Rail advocates blasted Lanier for his policies, arguing that in the 21st century great cities would require rail. “Mr. Lanier chose to take the easy way out,” Houston developer Howard Horne lamented as Lanier ended his tenure as mayor. “This city will pay a high price in the lack of mobility for many years to come.”

Lanier argued for a pragmatic approach in which rail would be utilized when needed. “It’s not a basic tool,” he said. “Use it when it works, don’t use it when it doesn’t. Don’t make it an ideological dispute.”

Political statesman

Lanier often contended that keeping the middle class in the city — or luring it back — was vital to Houston’s health.
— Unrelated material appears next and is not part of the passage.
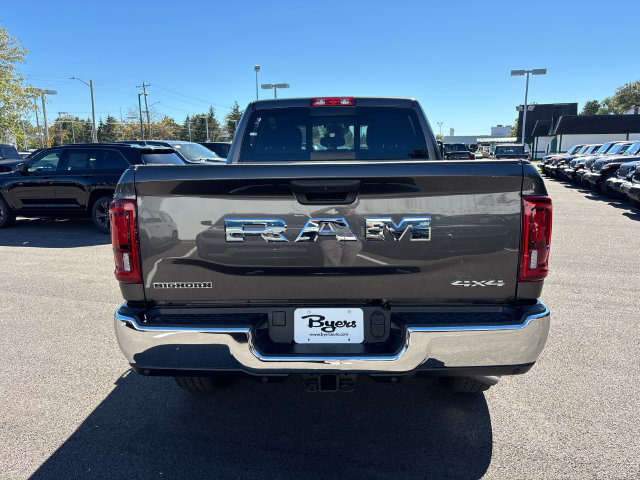 New 2027 RAM 2500 Big Horn AWD/4WD image 28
He pushed for downtown redevelopment, including renovation of the Rice Hotel as lofts and expansion of the George R. Brown Convention Center.

The most ironic crisis for Lanier, the sports enthusiast, came in 1994 when Houston Oilers’ owner Bud Adams threatened to move the team unless the city built him a new downtown domed stadium. Lanier attempted to block the move by asking Congress to change anti-trust laws applying to sports teams. When that effort failed, Lanier told Adams to “hit the road.”

Lanier retained his personal interest in athletics, playing tennis and golf.

Despite his health challenges — in September 1998, he underwent triple bypass surgery — Lanier insisted on remaining active. He hosted fundraisers and appeared in television advertisements for charities, always with his wife at his side to care for him and protect his image. Mark Jones of Rice University said Lanier, unlike many other living Houston mayors, remained an intellectual and financial force after leaving office.

“In contrast with Kathy Whitmire, Lee Brown and Bill White, Lanier has remained more actively involved in Houston politics, fundraising and, primarily, public policy,” Jones said. “He held the position of an elder statesmen following his departure from office and that was a position he held right up until his passing.”